To better evaluate the calibrations obtained, the sensitivity and specificity of each calibration have been plotted (Fig. 2). However, examination of these data clearly reveal that calibrations 8 and 10 do not exhibit 100% specificity; in other words, based on the control samples (those without any type of adulteration), these calibrations resulted in some false positives.

Fig. 2
figure 2

Sensitivities and specificities of the tested calibrations. Sensitivity, which was measured for the adulterated samples, and specificity, which was measured for the controls (unadulterated samples), are presented as  % values for the 12 evaluated calibrations.

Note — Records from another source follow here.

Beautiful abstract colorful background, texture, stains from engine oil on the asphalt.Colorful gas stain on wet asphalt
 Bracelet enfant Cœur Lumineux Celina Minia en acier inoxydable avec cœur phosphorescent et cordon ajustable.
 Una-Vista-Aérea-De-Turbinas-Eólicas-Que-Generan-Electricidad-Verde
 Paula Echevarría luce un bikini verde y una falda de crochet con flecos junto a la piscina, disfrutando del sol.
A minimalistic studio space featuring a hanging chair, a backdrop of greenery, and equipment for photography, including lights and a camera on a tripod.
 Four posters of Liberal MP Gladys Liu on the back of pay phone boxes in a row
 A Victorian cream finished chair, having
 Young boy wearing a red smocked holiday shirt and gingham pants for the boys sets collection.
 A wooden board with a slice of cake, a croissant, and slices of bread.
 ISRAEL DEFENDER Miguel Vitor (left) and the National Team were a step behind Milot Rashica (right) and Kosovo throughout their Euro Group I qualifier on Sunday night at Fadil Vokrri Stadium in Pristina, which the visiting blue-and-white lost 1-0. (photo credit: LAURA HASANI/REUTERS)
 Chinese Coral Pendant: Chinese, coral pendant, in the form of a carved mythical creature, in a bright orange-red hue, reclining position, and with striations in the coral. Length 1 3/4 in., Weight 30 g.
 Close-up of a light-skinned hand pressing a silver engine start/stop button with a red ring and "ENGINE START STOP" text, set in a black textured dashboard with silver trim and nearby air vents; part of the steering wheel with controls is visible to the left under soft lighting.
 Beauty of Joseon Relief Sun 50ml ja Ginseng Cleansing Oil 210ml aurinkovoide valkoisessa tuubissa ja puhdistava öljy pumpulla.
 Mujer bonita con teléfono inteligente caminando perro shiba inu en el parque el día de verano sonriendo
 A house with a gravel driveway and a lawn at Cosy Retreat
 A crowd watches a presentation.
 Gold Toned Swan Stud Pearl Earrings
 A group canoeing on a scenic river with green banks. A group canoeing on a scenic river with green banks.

Calibration 7 has been chosen as optimal for identifying adulterations in milk

Thus, if the choice of the calibrations that better identify adulterations in milk is based on those that exhibit the maximum specificities, in other words, no false positive values (calibrations 3, 5, 6, 7, 9, or 11), then calibration 7 (14 factors and one removal of outliers), although it has not been classified by the Kruskal–Wallis test as one of the best calibrations, should be chosen because, as shown in Table 3, this calibration does not statistically differ (p > 0.05) from calibrations 8 and 10 (previously ranked better at identifying adulterants in raw milk) and includes fewer factors.

The numbers of factors used to identify adulterants and contaminants in milk by infrared spectroscopy vary widely according to the compounds studied. Kasemsumran et al. (2007) used near-infrared spectroscopy and determined that the best calibration model for milk adulteration with whey used four factors in a PLS model. Sivakesava and Irudayaraj (2002) defined 15 as the optimal number of factors using the PLS method to identify tetracycline in milk. Heuer et al. (2001) obtained a predictive model that consisted of 19 principal components (factors) for the determination of acetone in cow milk. These results highlight the need for proper equipment calibration, especially when it is used to detect compounds that do not naturally belong in milk.

Regarding the sensitivity analyses for calibration 7 for all the adulterants added at different water or whey concentrations (Table 4), the data reveal that calibration 7 can define all the adulterated samples with greater sensitivity, regardless of the concentration and type of adulterant. For example, the sensitivities were 100% after the addition of sodium bicarbonate at all the tested concentrations of this adulterant and after the addition of water or whey.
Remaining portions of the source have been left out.